Particolarmente atroce fu la persecuzione in Romania, nelle cui carceri il regime comunista sperimentava metodi di tortura bestiali, specialmente sui giovani studenti cattolici e sui seminaristi rinchiusi in prigione per la loro fede. Nel carcere di Potesti, 130 km ad Ovest di Bucarest, i ragazzi venivano percossi a sangue, poi costretti a pulire i pavimenti imbrattati di sangue e di sporcizia con uno straccio tenuto tra i denti; il cibo era loro servito nello stesso vaso usato per defecare. Chi vomitava era costretto a ingurgitare il proprio vomito. I giovani erano spesso privati del sonno: chi si addormentava veniva svegliato a colpi di tubo di gomma assestati sulle piante dei piedi e, per punizione, veniva costretto a camminare per ore ed ore nel cortile del carcere senza potersi fermare un istante. Questa tortura giungeva quasi sempre a togliere la conoscenza e in qualche caso portava alla morte. Alto il tributo di sangue pagato anche dalla Cecoslovacchia, di cui si ricordano in particolare i 7000 sacerdoti internati nei campi di lavoro forzato e la splendida figura di Suora Zdenka Schelingova. Sorpresa ad aiutare la fuga dall'ospedale di Bratislava di un sacerdote che doveva essere deportato in Siberia, fu condannata a 16 anni e rinchiusa nel carcere di Praga, dove subì quotidianamente torture disumane: appesa a testa in giù e picchiata per ore ed ore.
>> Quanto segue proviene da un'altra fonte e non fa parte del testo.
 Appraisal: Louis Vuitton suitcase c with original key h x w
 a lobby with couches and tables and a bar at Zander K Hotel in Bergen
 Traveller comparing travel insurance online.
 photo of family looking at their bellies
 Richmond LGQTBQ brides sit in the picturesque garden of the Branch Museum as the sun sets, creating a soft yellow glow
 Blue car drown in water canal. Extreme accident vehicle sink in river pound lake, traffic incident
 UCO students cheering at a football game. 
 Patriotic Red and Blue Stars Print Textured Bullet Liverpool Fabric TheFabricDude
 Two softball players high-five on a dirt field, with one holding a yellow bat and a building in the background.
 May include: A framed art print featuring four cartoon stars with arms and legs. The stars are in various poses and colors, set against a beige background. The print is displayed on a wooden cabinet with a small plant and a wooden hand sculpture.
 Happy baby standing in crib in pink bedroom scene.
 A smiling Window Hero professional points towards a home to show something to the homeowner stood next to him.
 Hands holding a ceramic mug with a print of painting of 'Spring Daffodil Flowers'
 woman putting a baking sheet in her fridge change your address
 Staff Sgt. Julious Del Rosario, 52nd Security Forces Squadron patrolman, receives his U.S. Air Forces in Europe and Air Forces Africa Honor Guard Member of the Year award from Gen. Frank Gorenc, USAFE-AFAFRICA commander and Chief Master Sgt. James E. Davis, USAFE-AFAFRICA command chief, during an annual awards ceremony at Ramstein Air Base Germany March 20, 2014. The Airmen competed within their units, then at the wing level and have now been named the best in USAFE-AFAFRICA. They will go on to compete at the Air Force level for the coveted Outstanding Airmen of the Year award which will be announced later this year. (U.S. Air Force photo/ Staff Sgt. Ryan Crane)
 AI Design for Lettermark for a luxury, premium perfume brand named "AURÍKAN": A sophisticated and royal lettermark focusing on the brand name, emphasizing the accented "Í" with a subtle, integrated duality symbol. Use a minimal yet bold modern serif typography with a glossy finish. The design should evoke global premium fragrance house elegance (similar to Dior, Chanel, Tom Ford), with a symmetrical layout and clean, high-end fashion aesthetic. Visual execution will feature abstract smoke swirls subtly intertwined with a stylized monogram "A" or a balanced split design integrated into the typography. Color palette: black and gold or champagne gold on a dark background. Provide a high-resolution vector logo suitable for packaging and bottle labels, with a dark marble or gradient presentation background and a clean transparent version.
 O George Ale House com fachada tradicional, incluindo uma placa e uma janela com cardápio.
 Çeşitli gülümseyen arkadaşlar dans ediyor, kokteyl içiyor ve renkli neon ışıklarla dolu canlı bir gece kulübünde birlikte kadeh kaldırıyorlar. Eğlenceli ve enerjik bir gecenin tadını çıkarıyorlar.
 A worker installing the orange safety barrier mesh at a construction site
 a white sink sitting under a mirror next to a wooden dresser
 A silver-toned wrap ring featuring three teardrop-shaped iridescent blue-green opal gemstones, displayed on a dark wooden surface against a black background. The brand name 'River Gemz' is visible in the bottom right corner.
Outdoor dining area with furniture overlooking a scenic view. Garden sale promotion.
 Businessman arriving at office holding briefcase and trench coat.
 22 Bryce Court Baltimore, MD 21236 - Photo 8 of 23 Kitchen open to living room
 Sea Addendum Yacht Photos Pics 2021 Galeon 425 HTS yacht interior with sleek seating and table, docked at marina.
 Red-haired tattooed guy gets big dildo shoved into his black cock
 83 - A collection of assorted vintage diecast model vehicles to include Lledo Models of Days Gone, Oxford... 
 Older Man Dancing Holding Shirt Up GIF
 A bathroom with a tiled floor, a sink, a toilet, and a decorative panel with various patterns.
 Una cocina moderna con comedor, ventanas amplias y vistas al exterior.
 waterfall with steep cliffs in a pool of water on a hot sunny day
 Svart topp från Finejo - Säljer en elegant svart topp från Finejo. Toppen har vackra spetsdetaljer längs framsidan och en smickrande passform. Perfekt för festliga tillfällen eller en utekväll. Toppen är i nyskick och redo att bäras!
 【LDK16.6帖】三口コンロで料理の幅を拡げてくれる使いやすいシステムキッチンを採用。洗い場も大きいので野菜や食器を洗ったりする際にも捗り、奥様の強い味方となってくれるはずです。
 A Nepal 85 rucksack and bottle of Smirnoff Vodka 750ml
Ridotta così in fin di vita, morì tre mesi dopo il rilascio. Dal 1968, dopo la cosiddetta «Primavera di Praga» soffocata nel sangue dai carri armati russi, la persecuzione comunista riprese più violenta. Si tentò l'eliminazione totale dei vescovi, mediante uccisione, imprigionamento o deportazione in Siberia. Migliaia di martiri si contano anche in Bulgaria, tra i quali si distingue la nobile figura del vescovo di Russe, il beato mons. Eugenio Bossilkov, giustiziato dopo inumane torture nel 1952. Crollato il comunismo si tracciò il bilancio dell'immane persecuzione: quasi tutti i vescovi albanesi uccisi tra torture dolorosissime; su un totale di 256 preti ne erano rimasti solo 27, mentre decine di migliaia di cristiani risultavano uccisi.